━━━ The data

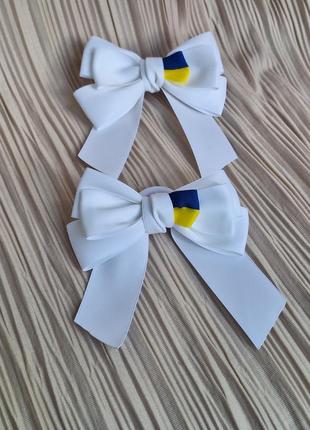 Маленькие белые бантики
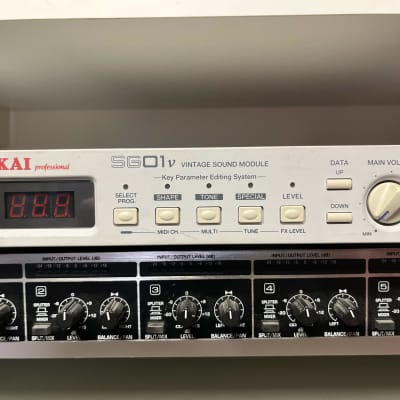 Akai SG01v Vintage Sound Module – Classic 90s Synth Tones | Used, Very Good Condition (No Power Supply)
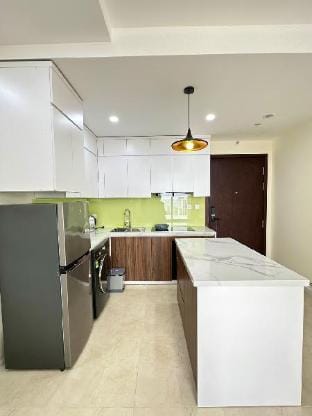 Lakeside /2Bedrooms/Vinhome D’capitale/HighRise Apartment in Laos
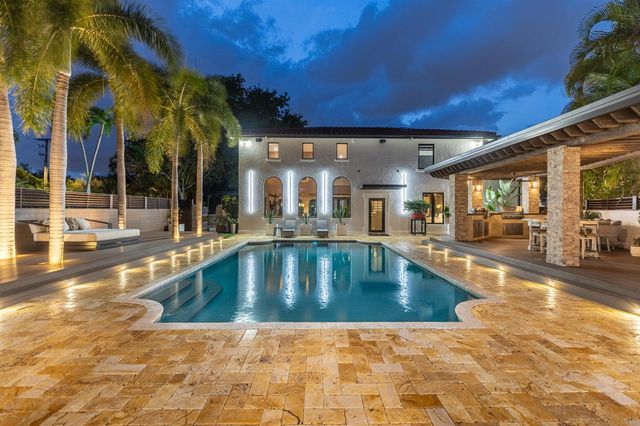 290 NW 6th Street, Boca Raton, FL 33432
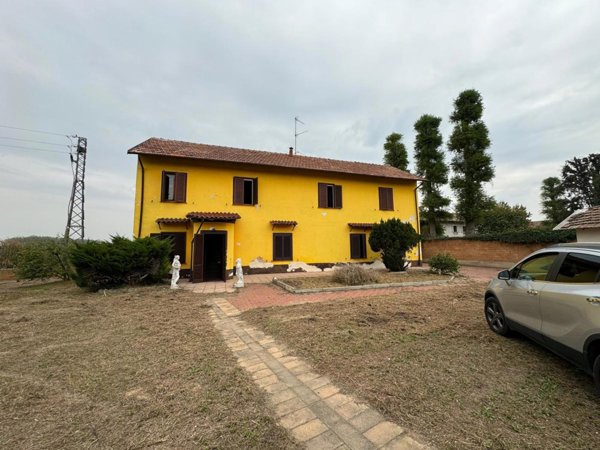 casa indipendente in vendita a Mortara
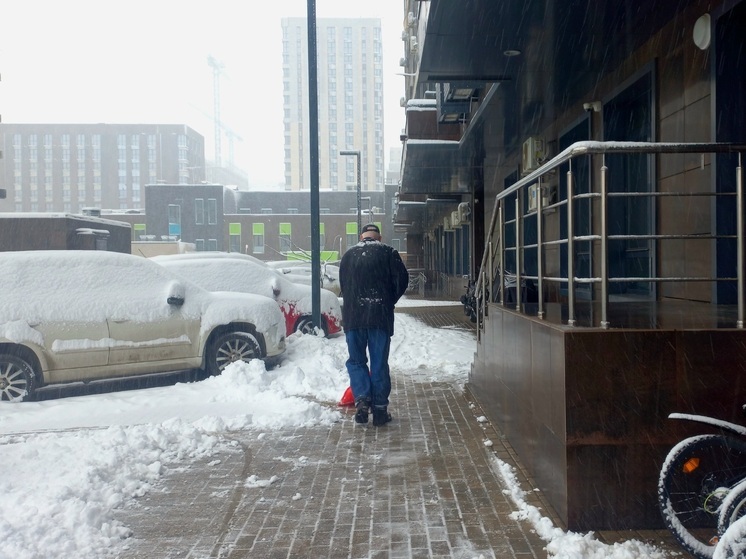 В Краснодаре выявили более 200 нарушений при уборке дворов после снегопадов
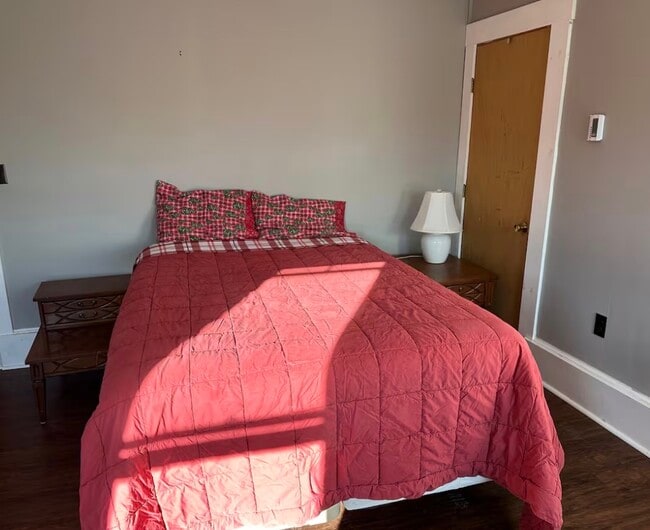 Photo - 131 W Bethel Rd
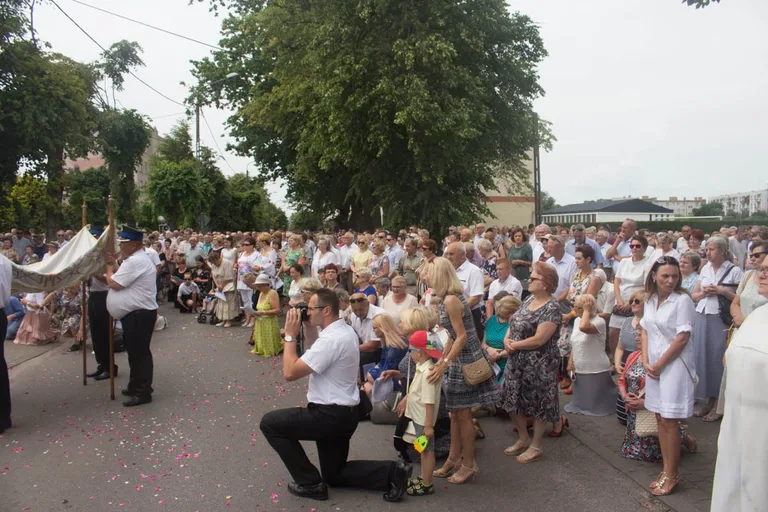 Procesje Bożego Ciała przeszły ulicami miasta (zdjęcia, wideo)
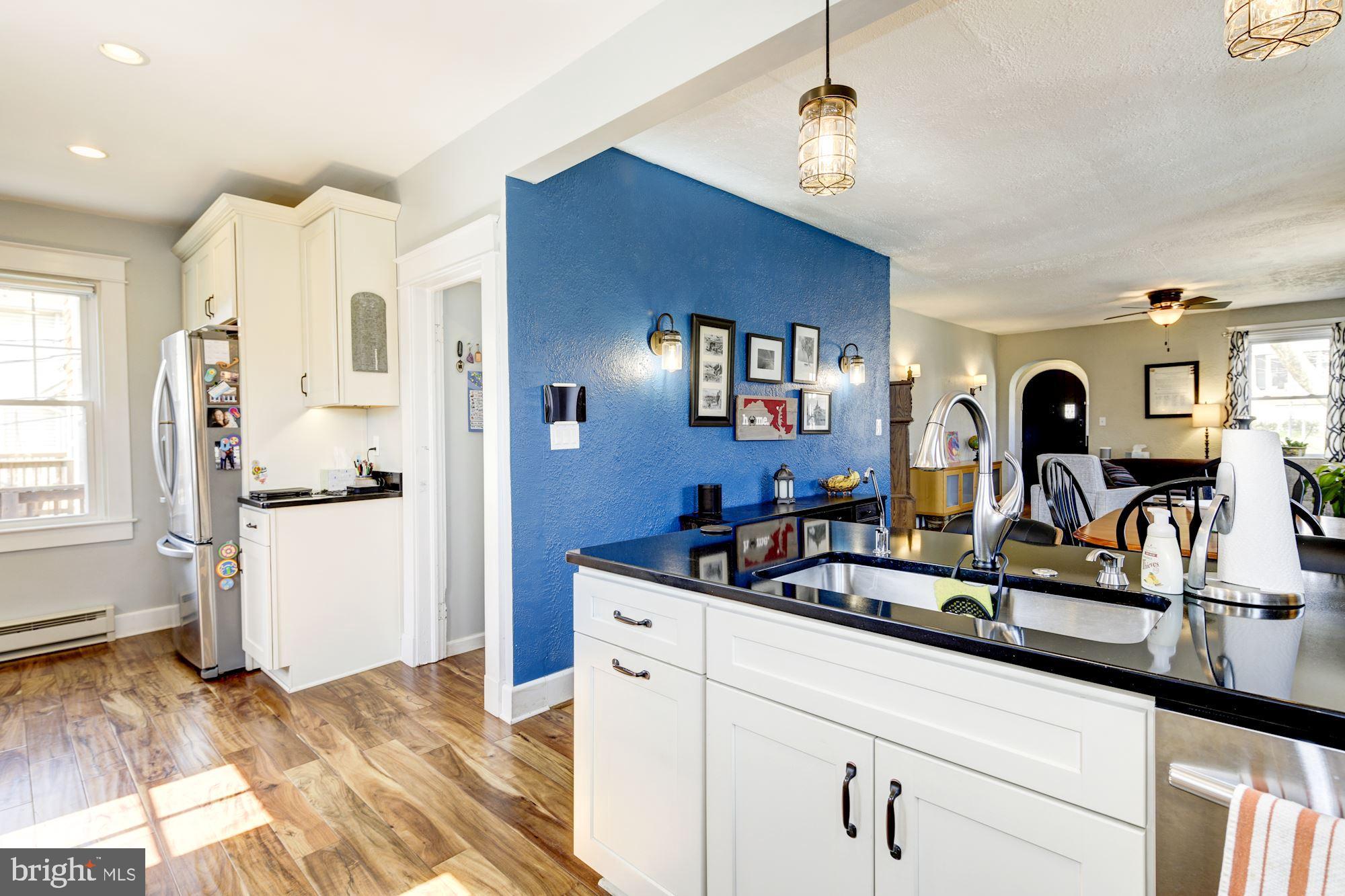639 Murdock Road Baltimore, MD 21212 - Photo 15 of 41 Cook and chat with your friends, family or guests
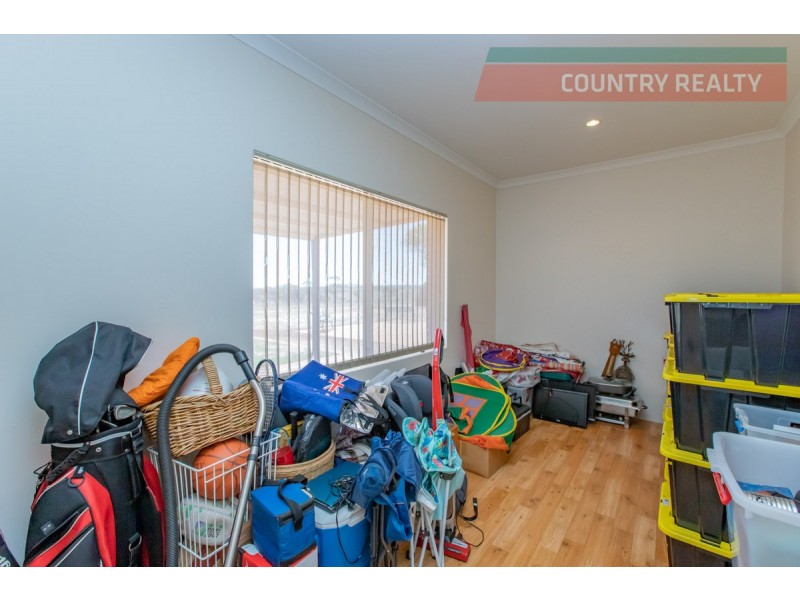 388 Hulongine Road, Jennacubbine WA 6401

━━━━━━

## Your assignment
From the line containing "В Краснодаре выявили" down to the end of the data above, reproduce each line exactly; no pictures.

## The answer
 В Краснодаре выявили более 200 нарушений при уборке дворов после снегопадов
 Photo - 131 W Bethel Rd
 Procesje Bożego Ciała przeszły ulicami miasta (zdjęcia, wideo)
639 Murdock Road Baltimore, MD 21212 - Photo 15 of 41 Cook and chat with your friends, family or guests
 388 Hulongine Road, Jennacubbine WA 6401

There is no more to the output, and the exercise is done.